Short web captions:
[Start of Attachment]
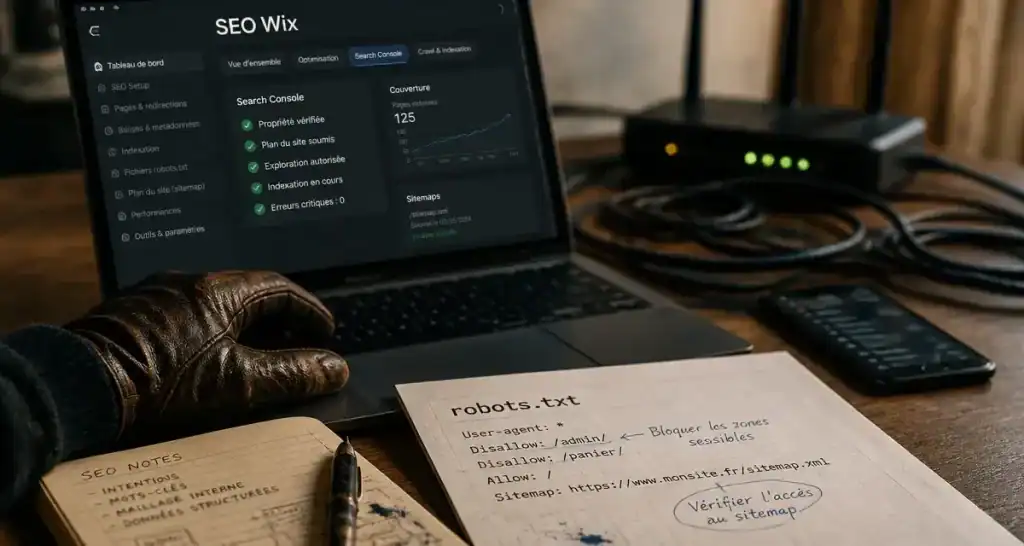 Referencement wix : SEO Google sur laptop avec check-list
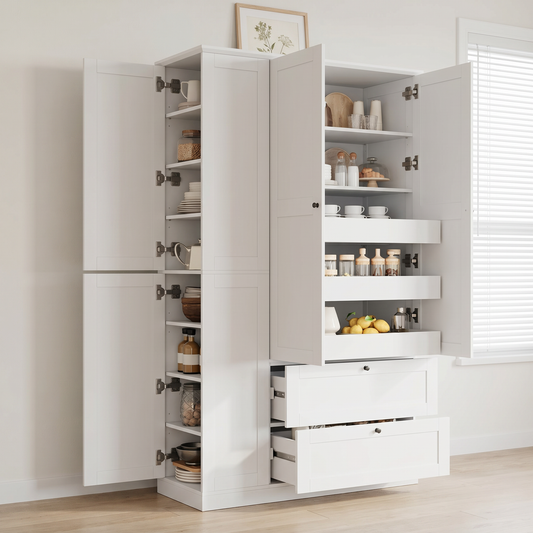 TOPMAX 73.6' Tall Farmhouse Kitchen Pantry Cabinet with 8 Shelves, 2 Drawers, 3 Pull-Out Trays, 4 Doors and Side Cabinets for Kitchen & Dining Room, White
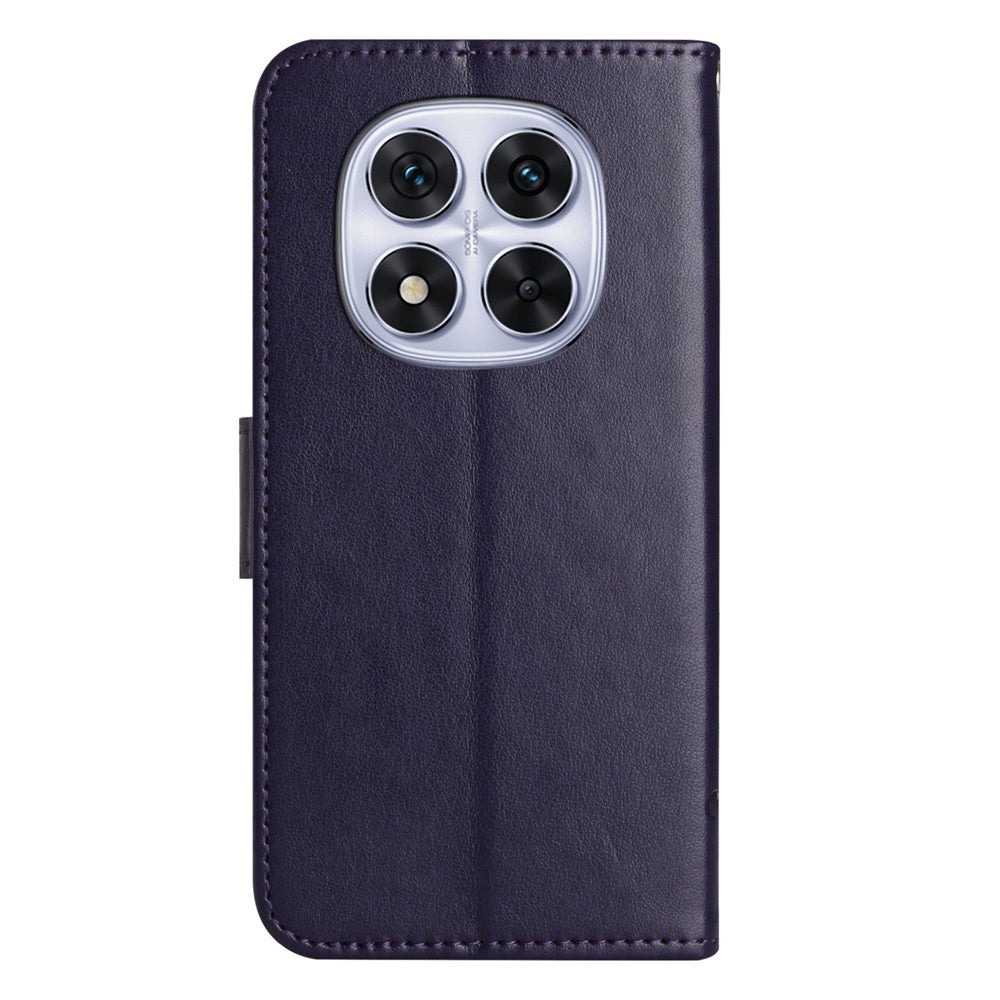 For Xiaomi Poco M8 Pro 5G / Redmi Note 15 Pro+ 5G (Global) Case Wallet Stand Imprinted Butterfly Flower PU Leather Phone Cover - Dark Blue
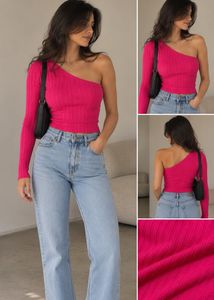 H&M Hot Pink One-Shoulder Ribbed Top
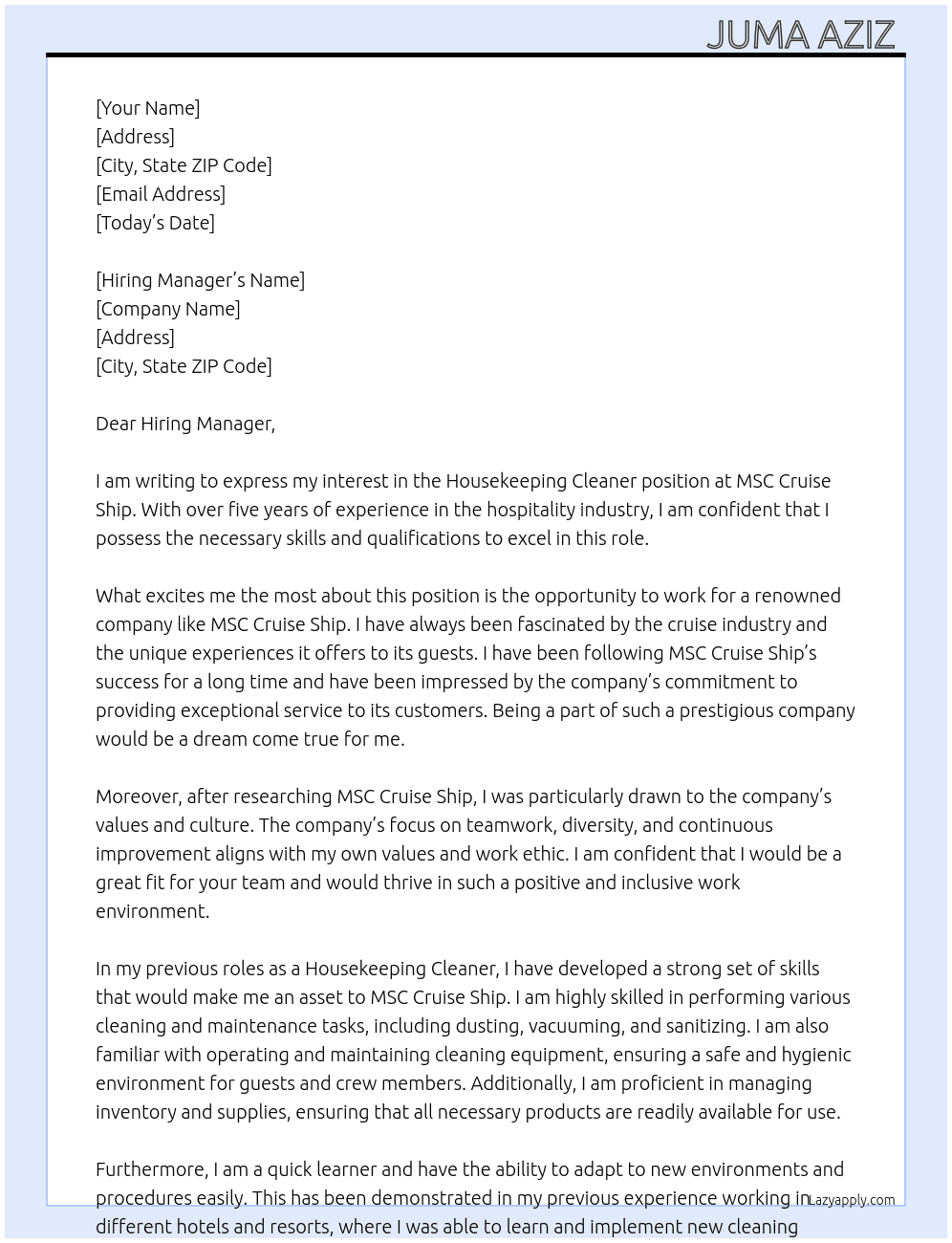 Housekeeping cleaner At MSC cruise Ship  Cover Letter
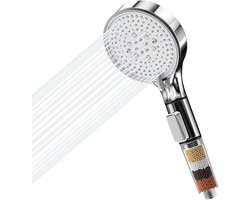 WinGluge Argent Antikalk-douchekop met 5 sproeimodi, handdouchekop, waterbesparend, hogedruk-regendouchekop, met 4 extra stenen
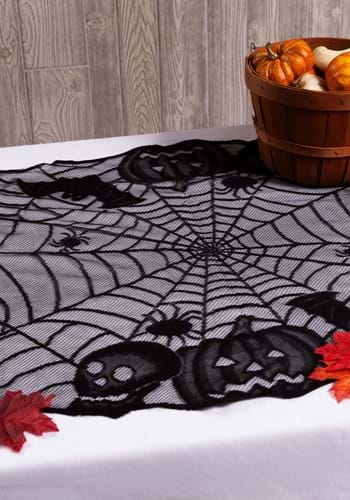 72"L x 27"W Black Halloween Pumpkins Table Runner Decoration | Table Decorations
[End of Attachment]
TO DO — A word-for-word repeat is expected of the lines from the one with "TOPMAX 73.6' Tall" to the end of the data, both included; pictures are not part of it.

PROBLEM SOLUTION —
 TOPMAX 73.6' Tall Farmhouse Kitchen Pantry Cabinet with 8 Shelves, 2 Drawers, 3 Pull-Out Trays, 4 Doors and Side Cabinets for Kitchen & Dining Room, White
 For Xiaomi Poco M8 Pro 5G / Redmi Note 15 Pro+ 5G (Global) Case Wallet Stand Imprinted Butterfly Flower PU Leather Phone Cover - Dark Blue
 H&M Hot Pink One-Shoulder Ribbed Top
 Housekeeping cleaner At MSC cruise Ship  Cover Letter
 WinGluge Argent Antikalk-douchekop met 5 sproeimodi, handdouchekop, waterbesparend, hogedruk-regendouchekop, met 4 extra stenen
 72"L x 27"W Black Halloween Pumpkins Table Runner Decoration | Table Decorations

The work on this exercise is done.